Unsurprisingly, the release of such detailed customer data, which includes balances, transactions and names, caused an uproar on Twitter. That information can not only shed light on each user’s financial information but also enable observers to analyze the blockchain and de-anonymize on-chain addresses, since the transaction amounts and date are detailed in the document.
Putting it all together, it becomes clear that users’ privacy got invaded and their security compromised. But don’t fret (yet); this article reviews why this happened and what can be done to mitigate some threats if you’re among the doxxed users.
Why Did Celsius Make This Document Public?
As mentioned previously, this document is part of Celsius’ restructuring process. Celsius was obliged to expose customer information as part of its restructuring process, given the necessary transparency demanded by U.S. law. While that usually applies only to the company’s assets, since Celsius held customer assets in custody they were affected as well.
According to a court document, Celsius submitted a request to cut back on the customer personally identifiable information (PII) being released though a redacting process before making it public. The lender submitted three arguments.
First, Celsius argued that such a large database of consumer information was too valuable for the company to be made public. Doing so would “significantly decrease the value of the customer list as an asset in any future potential asset sale,” the company claimed.
Second, Celsius put forward the argument that, were customers’ PII revealed, they could become targets of “identity theft, blackmail, harassment, stalking and doxing,” per the court document.
Finally, the cryptocurrency lender argued that since many of its customers reside in different jurisdictions all over the world, disclosing their PII could “expose [Celsius] to potential civil liability and significant financial penalties.” The document notes specifically the United Kingdom General Data Protection Regulation (U.K. GDPR) and the European Union’s GDPR.
The U.S. trustee, on the other hand, argued that Celsius “do not and cannot rely on any exceptions to the general rule that bankruptcy proceedings should be open, public and transparent” and have offered “nothing more than vague statements supporting their request” to redact the confidential information.
They also argued that the PII that Celsius sought to redact “is neither confidential nor commercial information.”
“The U.S. Trustee argues that [Celsius’] own privacy policies support the argument that customers’ information is not confidential because it allows customers names and contact information to be shared with third party ‘business partners’ and, therefore, is not confidential,” per the court document.
Additionally, the “U.S. Trustee contends that the information is not truly commercial in nature because the Debtors are not seeking to redact all creditors’ names and identifying information and are instead requesting that identifying information be redacted for only certain creditors, ‘but information with respect to another group will be fully disclosed because of where such creditors live.’”
On the international laws aspect, the U.S. trustee also reasoned that, under United States bankruptcy law, bankruptcy proceedings should be public, and those should prevail over the U.K. GDPR and EU GDPR.
Finally, and most shockingly, “the U.S. Trustee contends that [Celsius’] arguments that creditors might be subject to violence if their identities were revealed amounts to anecdotal evidence, which does not rise to the level of evidence necessary to overcome the presumption for open and public bankruptcy.”
In response, Celsius published another motion, seeking to implement a complete anonymization process to not reveal detailed user information.

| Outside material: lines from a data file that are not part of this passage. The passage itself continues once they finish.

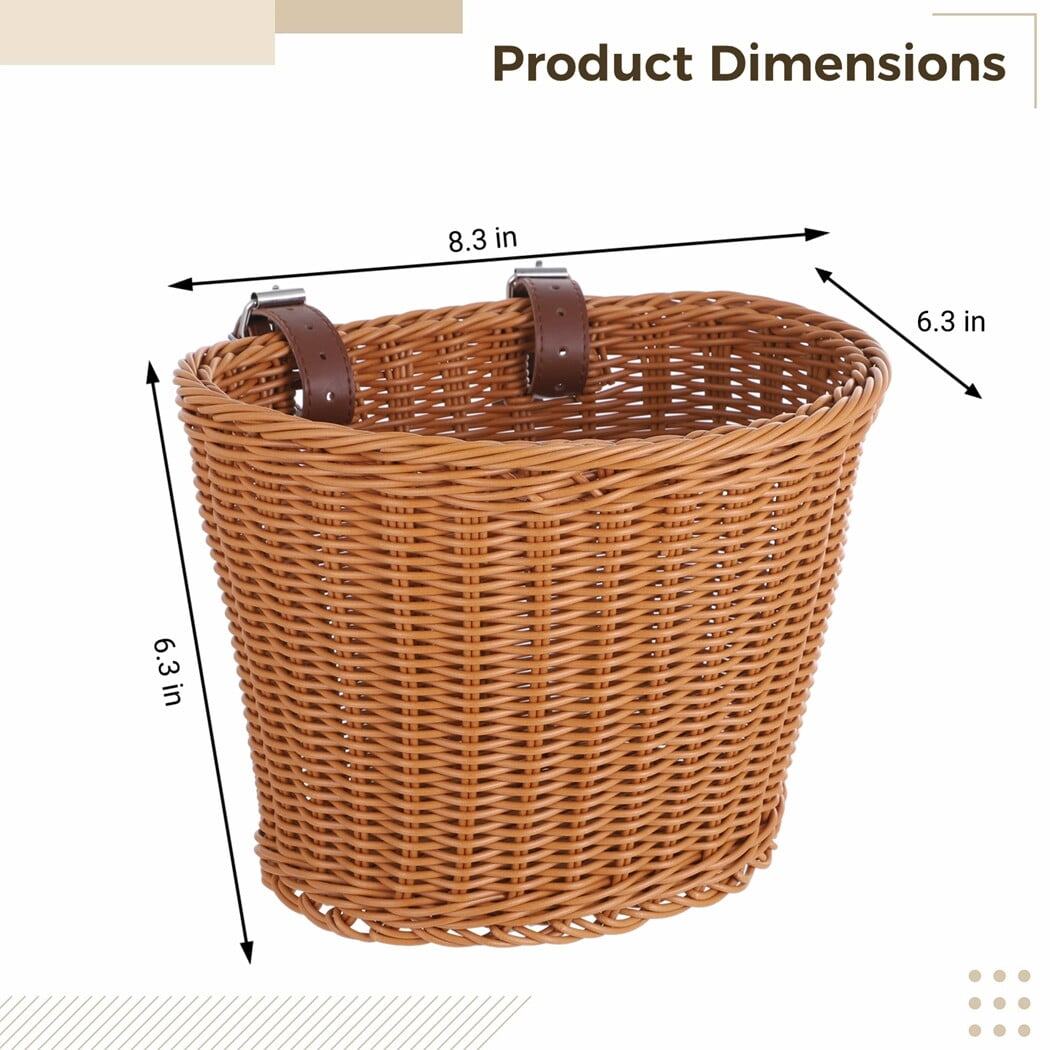 Panier Vélo Avant En Osier – Tressé Rétro, Rangement Guidon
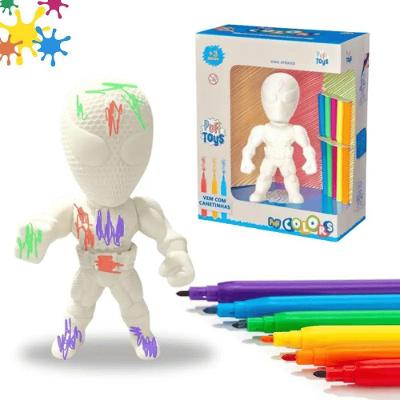 Boneco para Colorir Puff Colors Homem Teia com Canetinhas Branco Hero
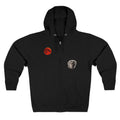 Halloween - Midnight Moon and Werewolf - Zip Hoodie — Retro Red Moon & Wolf Graphic Zip-Up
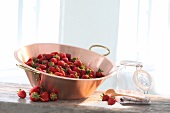 Strawberries in cooking pot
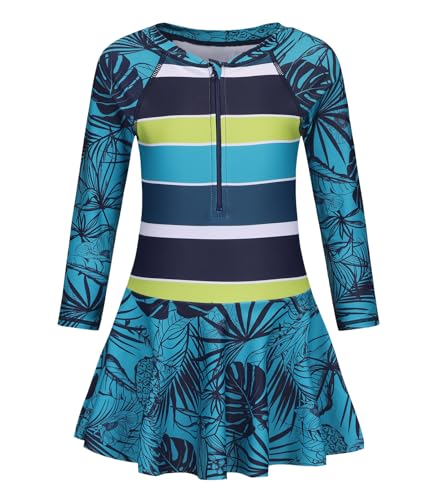Image of Girls One Piece Swimsuits Long Sleeeve Swim Dress for Kids Girls Bathing Suits Summer Swimwear 3-16 Years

That went beyond the initial motion submitted, which requested the ability to redact home and email address of U.S. customers and name, home address and email address of U.K. and EU customers.
The court ruled against the majority of Celsius’ requests. It dismissed the differentiation between U.S. and U.K./EU customers based on the arguments above and allowed the company to only redact home and email addresses. It denied the anonymization motion completely.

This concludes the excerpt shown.